One tricky thing about technical analysis (things like moving averages and other mathematical formulas applied to charts in order to get them to cough up more information about where they might be going) is that the relevance of any given technical can vary greatly depending on the circumstances.  For instance, if bonds have are in a sideways trend for a few weeks, and had been trending directionally in the few weeks before that, the current sideways trend will result in many technicals suggesting that momentum is heading in the opposite direction from the trend seen in the first 2 weeks.

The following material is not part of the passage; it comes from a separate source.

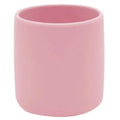 OiOi Silicone Mini Cup for Toddlers in Pinky Pink 180ml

Put more simply, Imagine it's July 28th and that bonds have been in a sideways range between 1.52 and 1.62 for the last 2 weeks.  Then imagine they'd risen from 1.32 to 1.52 in the 2 weeks before that.  The new sideways range "tricks" the technicals into thinking it's positive, simply because "sideways is better than weakness."  While we can observe these same positive technical shifts, we shouldn't necessarily assume they guarantee victory.

2016-7-28 da

So if we shouldn't pay as much attention to the technicals, what do we do?  As seen in the top section of the chart, the simplest chart technique of all is actually quite useful right now: draw a flat line where yields have been more likely to bounce than break, and use it as a defensive tripwire when yields are falling. 

What does that mean?  Simply this: we just had a string of good bounces at 1.59.  We can now use that as our yardstick to size up any sell-off that occurs.  Additionally, although it doesn't appear on this chart, there is another important recent pivot point at 1.54.  With 10yr yields beginning the day under 1.54, we can similarly use it as a defensive tripwire that lets us know if trends might be shifting negatively.

Why all this talk about "defensiveness" and negativity if the Fed just helped bonds rally yesterday?  Because markets are still very interested in what the Bank of Japan has to say overnight, not to mention the fact that yesterday's is, thus far, failing to confirm a break outside the recent sideways range (which bottoms out at 1.52-1.53, despite the fact that 1.54 has seen most of the action).

There is no significant data on tap for today, so we'll get a mostly unobstructed view of bond traders sorting out their positions.  The only major obstruction would be the presence of "month-end" tradeflows potentially keeping things more buoyant than they otherwise might be.